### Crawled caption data

========

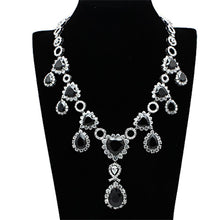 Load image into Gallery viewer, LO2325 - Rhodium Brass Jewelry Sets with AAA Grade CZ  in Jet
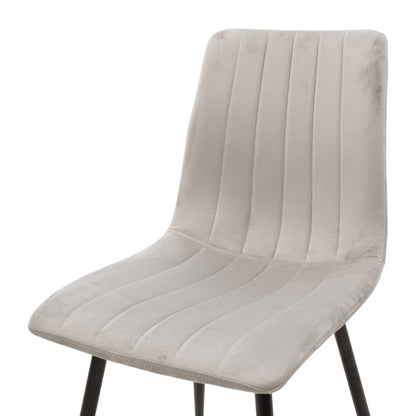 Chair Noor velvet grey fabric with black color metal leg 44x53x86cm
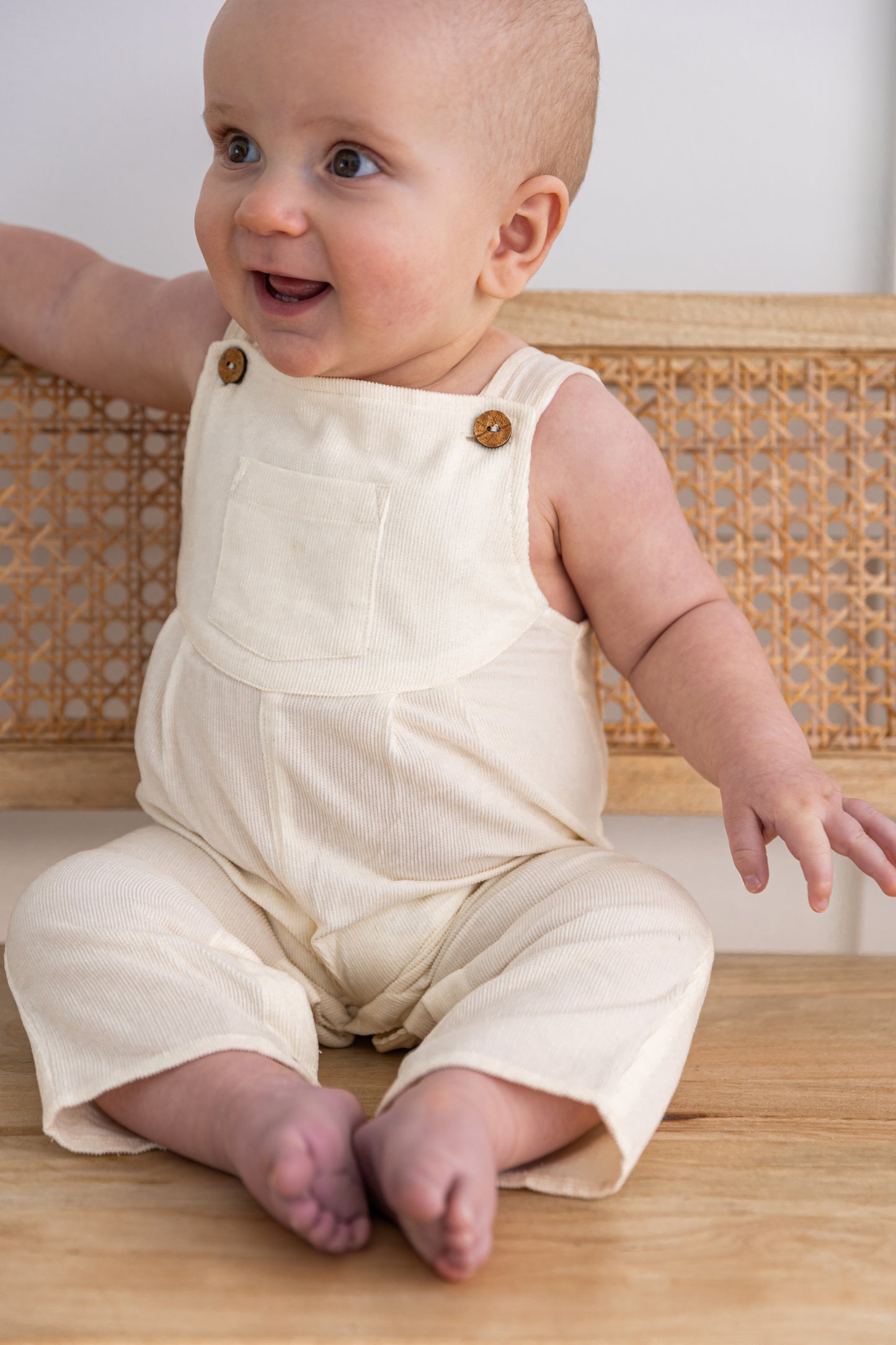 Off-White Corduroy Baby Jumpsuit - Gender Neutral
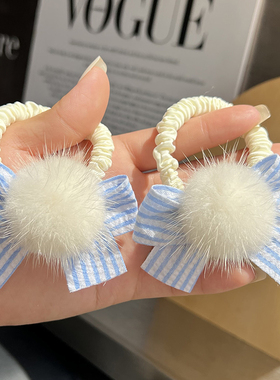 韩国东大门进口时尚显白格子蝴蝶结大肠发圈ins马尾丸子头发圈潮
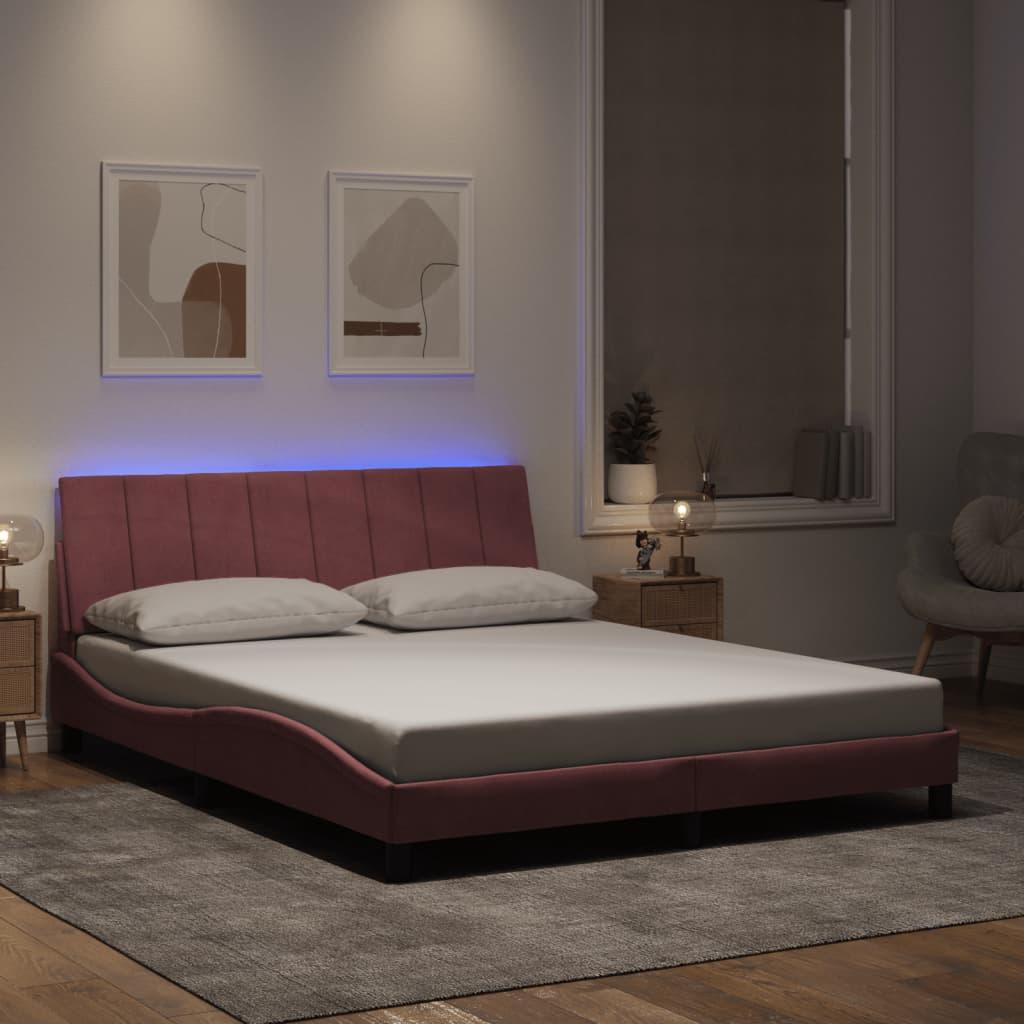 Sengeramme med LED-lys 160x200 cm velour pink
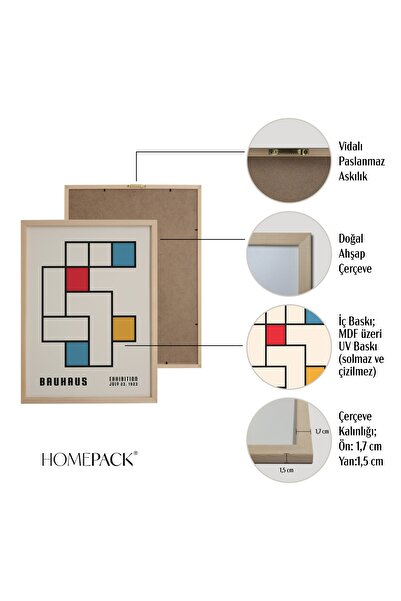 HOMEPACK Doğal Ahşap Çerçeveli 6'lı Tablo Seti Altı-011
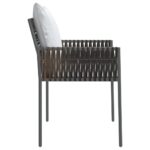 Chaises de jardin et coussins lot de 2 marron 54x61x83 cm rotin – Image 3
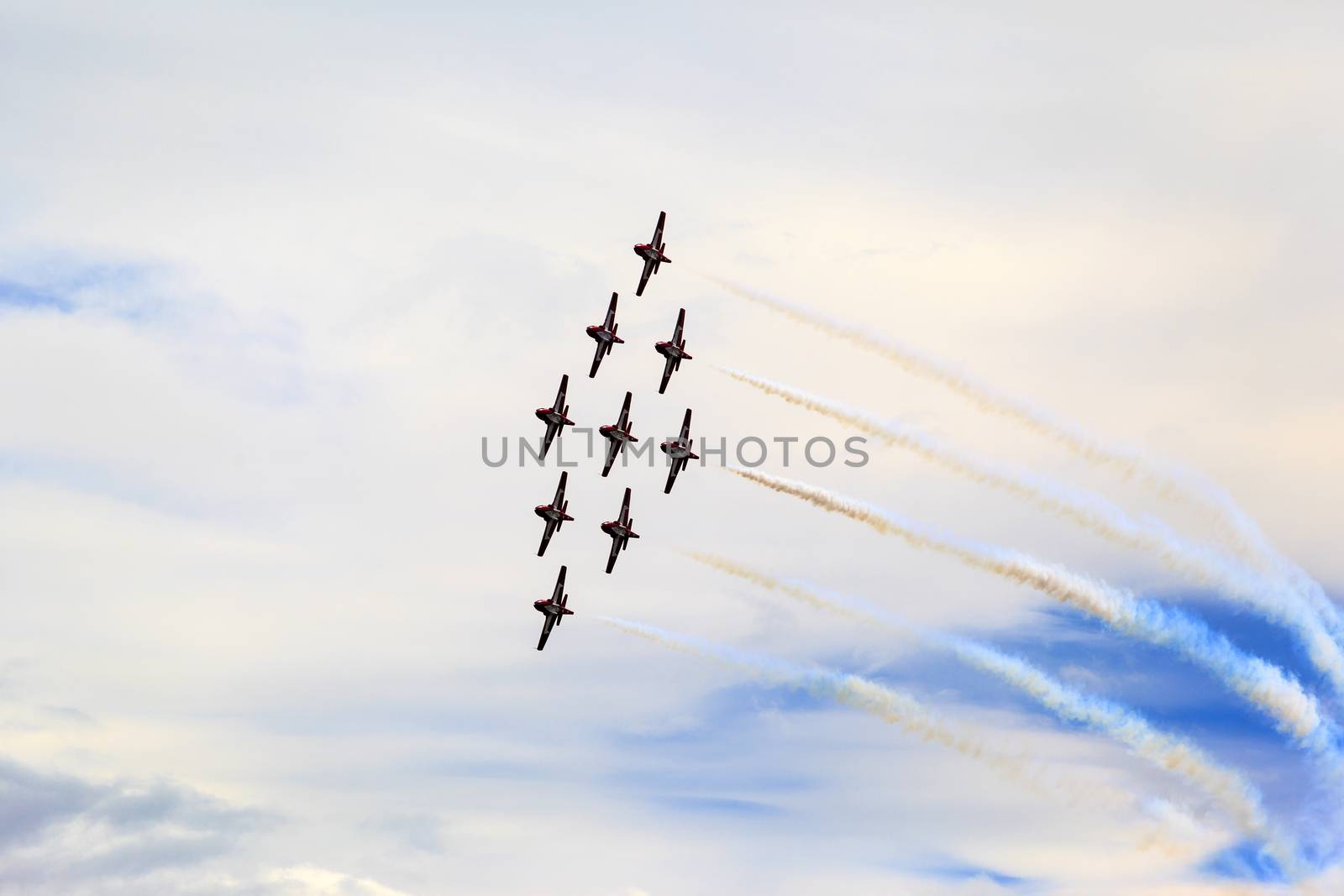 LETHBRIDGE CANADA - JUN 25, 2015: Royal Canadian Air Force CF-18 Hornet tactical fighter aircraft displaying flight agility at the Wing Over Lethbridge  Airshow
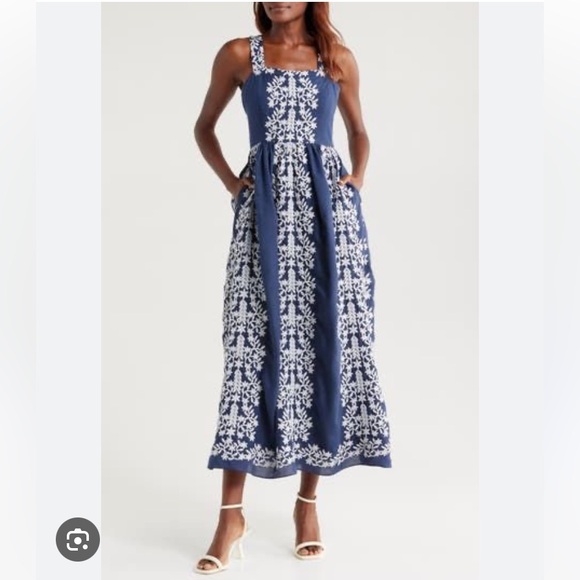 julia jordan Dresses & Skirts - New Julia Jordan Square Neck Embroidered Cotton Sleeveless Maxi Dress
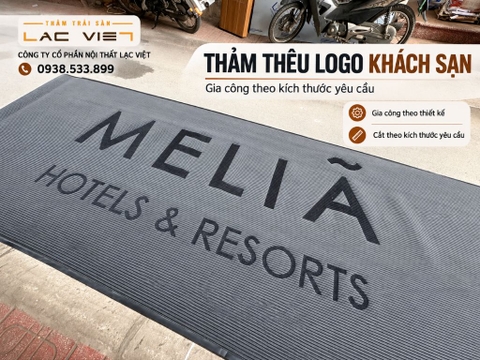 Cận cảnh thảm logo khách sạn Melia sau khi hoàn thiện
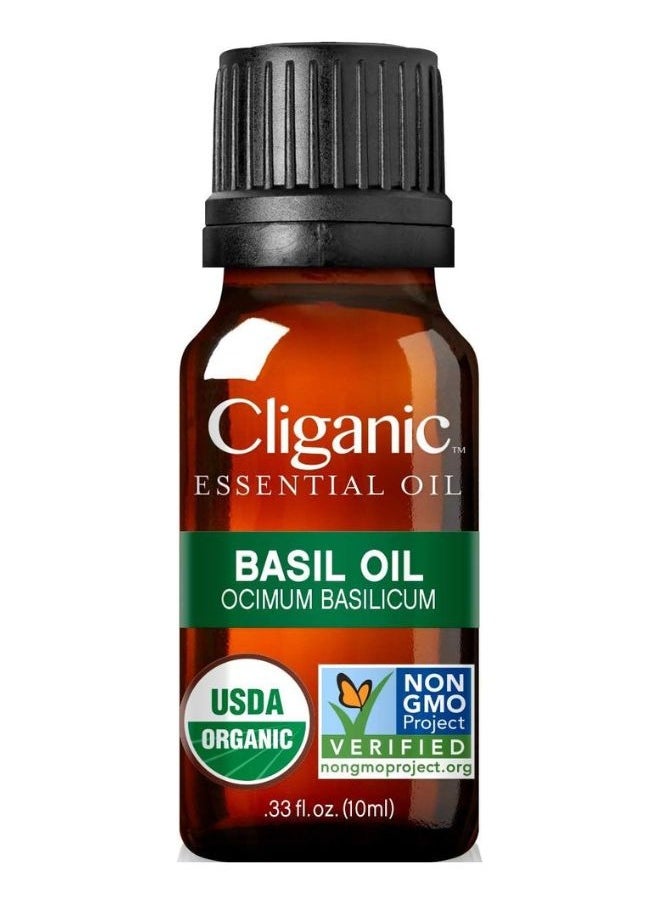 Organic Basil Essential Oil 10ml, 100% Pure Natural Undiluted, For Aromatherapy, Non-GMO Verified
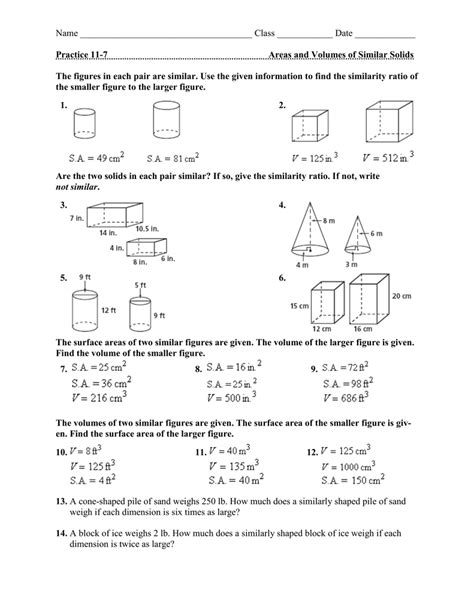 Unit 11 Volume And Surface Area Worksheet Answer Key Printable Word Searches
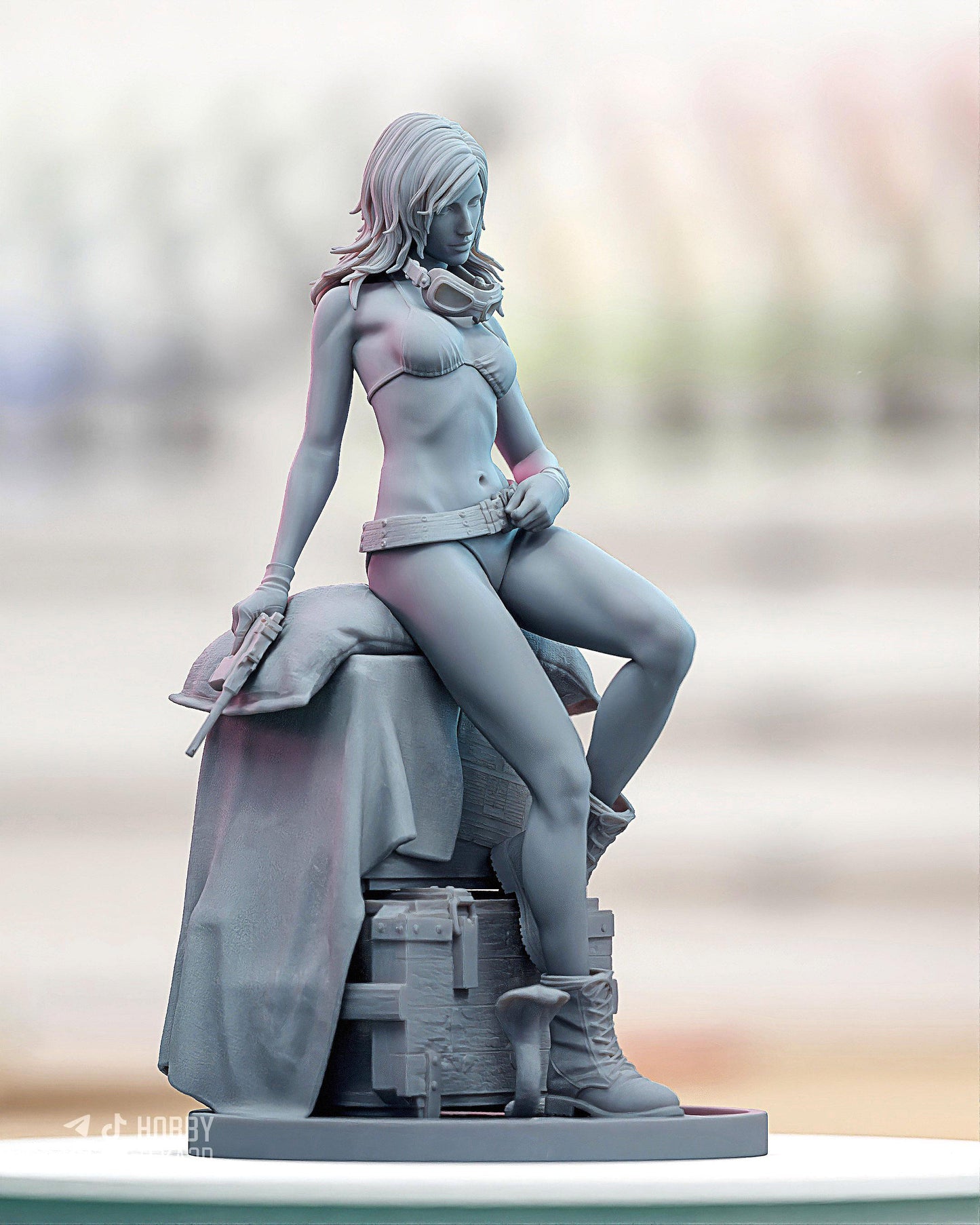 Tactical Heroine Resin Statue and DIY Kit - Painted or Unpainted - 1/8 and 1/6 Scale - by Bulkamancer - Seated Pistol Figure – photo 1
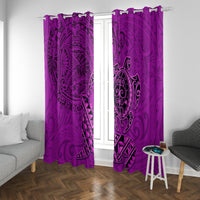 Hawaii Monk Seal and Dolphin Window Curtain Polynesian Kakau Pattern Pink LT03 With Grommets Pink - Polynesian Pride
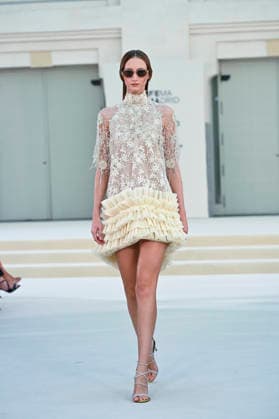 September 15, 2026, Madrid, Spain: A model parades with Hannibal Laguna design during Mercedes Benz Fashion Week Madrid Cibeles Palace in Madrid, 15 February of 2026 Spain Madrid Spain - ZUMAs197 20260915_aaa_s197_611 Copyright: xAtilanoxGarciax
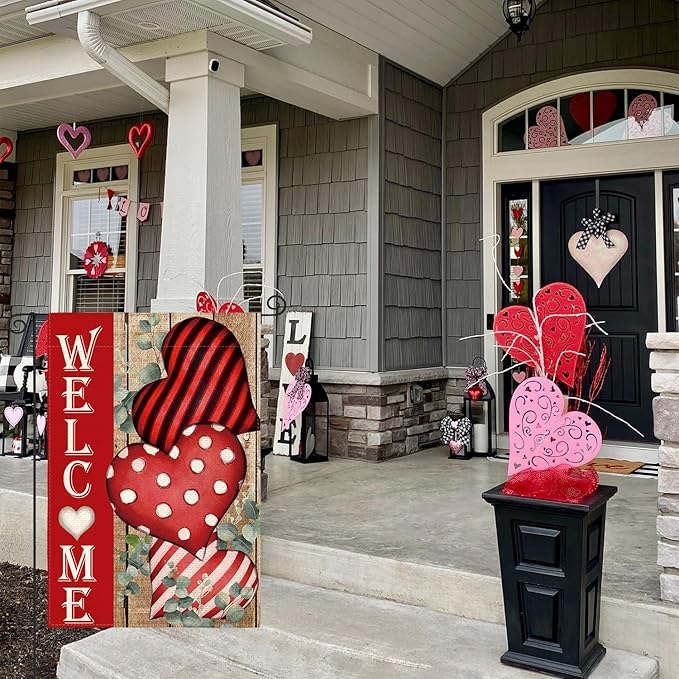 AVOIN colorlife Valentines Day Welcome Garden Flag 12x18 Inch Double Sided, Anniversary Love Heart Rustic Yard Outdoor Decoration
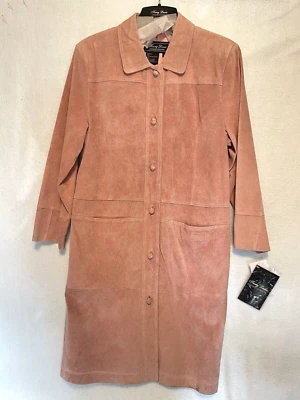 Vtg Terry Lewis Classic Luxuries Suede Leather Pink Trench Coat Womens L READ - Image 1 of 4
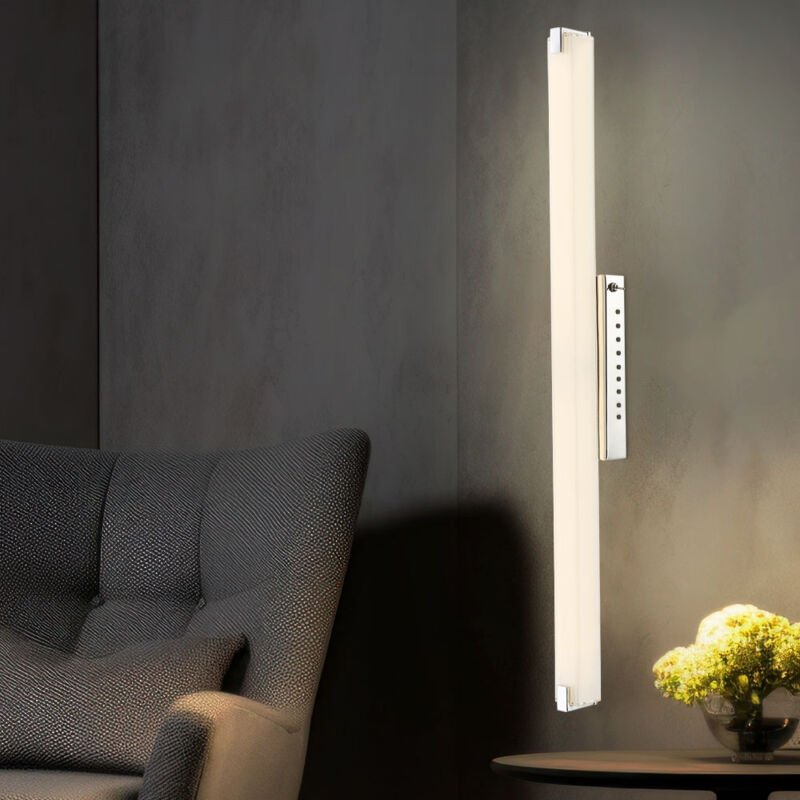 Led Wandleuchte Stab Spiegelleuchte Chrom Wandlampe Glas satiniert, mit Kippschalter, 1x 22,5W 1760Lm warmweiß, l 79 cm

========

### Work order
Since the pictures are not part of the copy, please transcribe only the lines above from the one with "HOMEPACK Doğal Ahşap" through the one with "September 15, 2026, Madrid, Spain: A", exactly and with both ends.

### Response to the task
 HOMEPACK Doğal Ahşap Çerçeveli 6'lı Tablo Seti Altı-011
 Chaises de jardin et coussins lot de 2 marron 54x61x83 cm rotin – Image 3
 LETHBRIDGE CANADA - JUN 25, 2015: Royal Canadian Air Force CF-18 Hornet tactical fighter aircraft displaying flight agility at the Wing Over Lethbridge  Airshow
 julia jordan Dresses & Skirts - New Julia Jordan Square Neck Embroidered Cotton Sleeveless Maxi Dress
 Cận cảnh thảm logo khách sạn Melia sau khi hoàn thiện
 Organic Basil Essential Oil 10ml, 100% Pure Natural Undiluted, For Aromatherapy, Non-GMO Verified
 Unit 11 Volume And Surface Area Worksheet Answer Key Printable Word Searches
 Tactical Heroine Resin Statue and DIY Kit - Painted or Unpainted - 1/8 and 1/6 Scale - by Bulkamancer - Seated Pistol Figure – photo 1
 Hawaii Monk Seal and Dolphin Window Curtain Polynesian Kakau Pattern Pink LT03 With Grommets Pink - Polynesian Pride
 September 15, 2026, Madrid, Spain: A model parades with Hannibal Laguna design during Mercedes Benz Fashion Week Madrid Cibeles Palace in Madrid, 15 February of 2026 Spain Madrid Spain - ZUMAs197 20260915_aaa_s197_611 Copyright: xAtilanoxGarciax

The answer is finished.